If shes doing it just to have an excuse get under your skin/throw a hissy fit, that something that needs to be honestly and clearly communicated as something that you won't tolerate in turn. This is coming from someone with a permanently heightened crazy/drama meter.


----------



## KathyBatesel (Apr 26, 2012)

oreo12345 said:


> Here is the situation.
> 
> My wife expects me to remember everything that she tells me. For example, she tells me that she is having lunch with her friend tomorrow. Next day during the phone conversation during lunch time, I casually ask her what she is doing, and she says "I told you I am having lunch with my friend." I can feel/hear that she is mad that I did not remember what she told me. It is not like I did not remember, it is more of I did not think of it when I was talking to her.
> 
> ...


I have not read replies. We do not remember what we don't "process" through our minds. We hear it and decide it's not relevant, so we promptly stop thinking about it. 

In this sense, she's right that it's not important to you. 

If you want it to be important to you, you'll need to practice processing the things she tells you. Use a mental image of a calendar page and write it on there in your mind, along with what you'll be doing at the same time. Get used to forming mental pictures as she tells you things and you'll become adept at remembering.


----------



## Openminded (Feb 21, 2013)

I personally don't think it's important that you remember every lunch date she has. Or every other detail of her daily life. Especially since she doesn't return the favor by remembering the details of your daily life.


----------



## oreo12345 (Mar 27, 2013)

The thing is she does same thing to me. I am always thinking "this is where i should get mad and tell her i told you this before" but i really dont care about that. I do not mind repeating things. We all have our own stuff to deal with. She does too, and that is why she forgets.

Now she is trying to make a point to tell me.
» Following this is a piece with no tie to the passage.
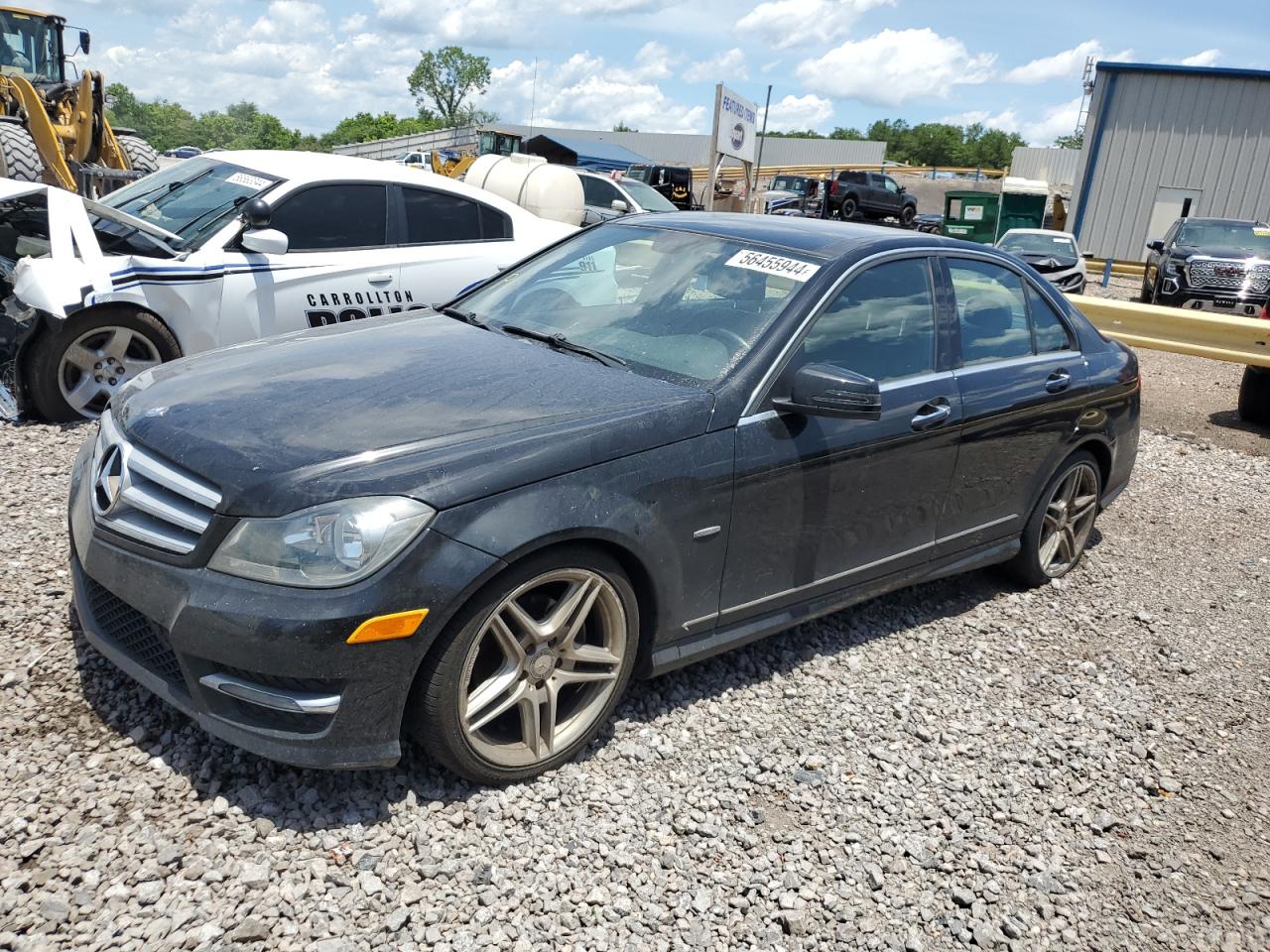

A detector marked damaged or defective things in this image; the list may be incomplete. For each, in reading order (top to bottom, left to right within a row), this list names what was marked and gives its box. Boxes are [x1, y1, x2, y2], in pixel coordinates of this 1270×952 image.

damaged police car [0, 151, 572, 418]
damaged police car [69, 214, 1143, 781]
I cannot concentrate on every phrase i say. I mean i try to since she wants me to, but its not to her satisfaction.
_Posted via Mobile Device_


----------



## NutritionFacts (Oct 24, 2012)

Honestly, this is the difference between a man and a woman. Petty things like this infuriate women..




oreo12345 said:


> The thing is she does same thing to me. I am always thinking "this is where i should get mad and tell her i told you this before" but i really dont care about that. I do not mind repeating things. We all have our own stuff to deal with. She does too, and that is why she forgets.
> 
> Now she is trying to make a point to tell me.
> 
> ...


_Posted via Mobile Device_


----------



## anony2 (Apr 28, 2012)

NutritionFacts said:


> Honestly, this is the difference between a man and a woman. *Petty* things like this infuriate women..
> 
> 
> 
> _Posted via Mobile Device_


When you put it this way, is it any wonder that your women get mad at you?...


----------



## NutritionFacts (Oct 24, 2012)

anony2 said:


> When you put it this way, is it any wonder that your women get mad at you?...
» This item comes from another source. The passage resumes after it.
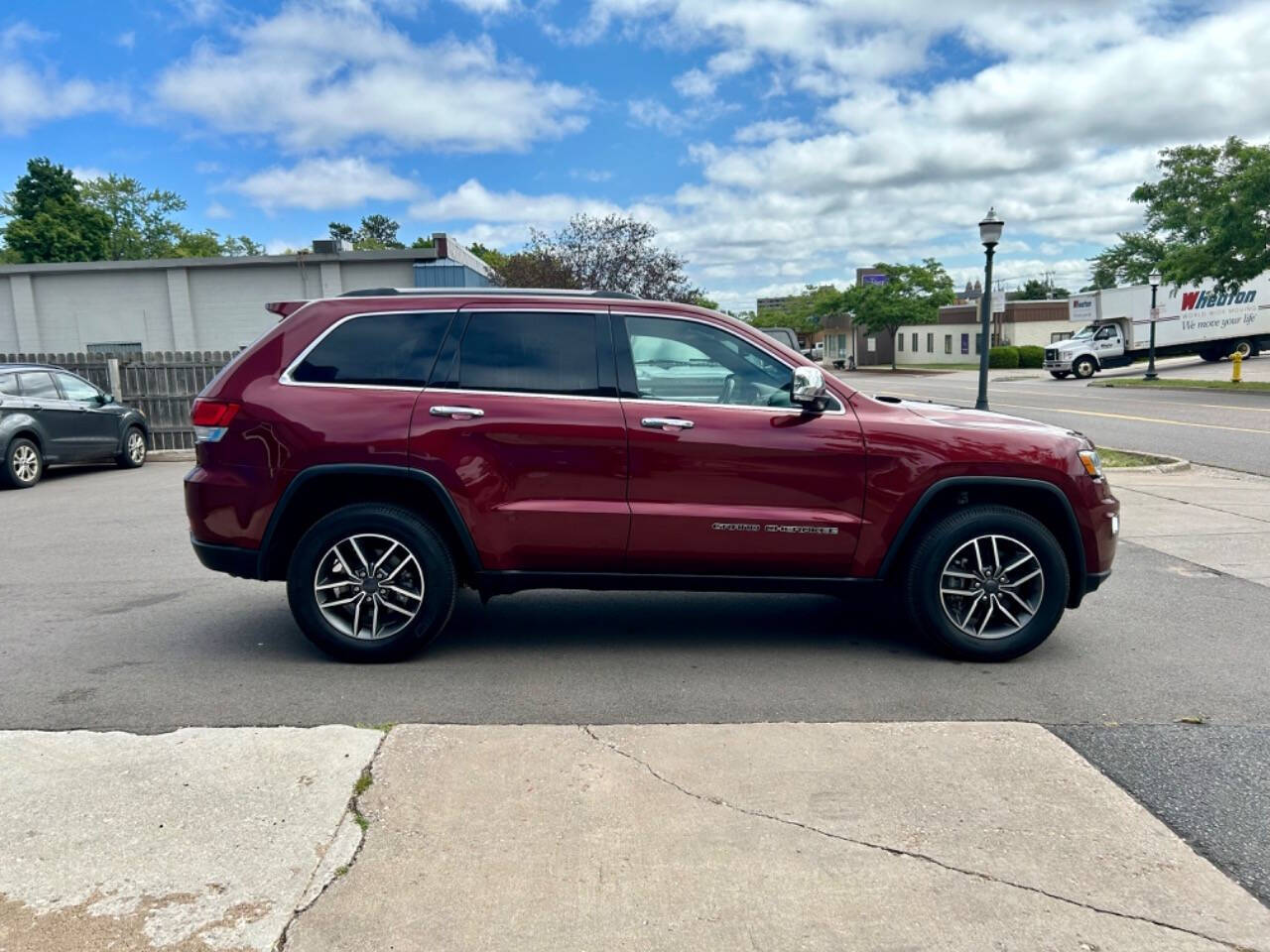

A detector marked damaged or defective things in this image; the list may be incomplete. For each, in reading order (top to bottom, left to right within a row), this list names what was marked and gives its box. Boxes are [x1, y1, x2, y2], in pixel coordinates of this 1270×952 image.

crack in pavement [278, 736, 391, 949]
crack in pavement [581, 726, 1259, 949]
I mean it in the most respectful manner possible.. But I truly believe my comment reflects reality. Small details like these are SO insignificant. Life is busy enough and nobody has time to track how many pieces of bubble gum you've chewed today.
_Posted via Mobile Device_


----------



## Kermitty (Dec 27, 2012)

NutritionFacts said:


> I mean it in the most respectful manner possible.. But I truly believe my comment reflects reality. Small details like these are SO insignificant. Life is busy enough and nobody has time to track how many pieces of bubble gum you've chewed today.
> _Posted via Mobile Device_


What is petty is subjective. If your spouse says something is important, it is your choice wether you find it important or not. It is not up to you what should be important to them. I'm sure we can make equally ridiculous lists about what men find important.
_Posted via Mobile Device_


----------



## SunnyT (Jun 22, 2011)

NutritionFacts said:


> Honestly, this is the difference between a man and a woman. Petty things like this infuriate women..
> 
> 
> 
> _Posted via Mobile Device_


Way to generalize. Nothing like lumping the drama queen who NEEDS him to remember every piece of chewed gum with ALL women. Ick.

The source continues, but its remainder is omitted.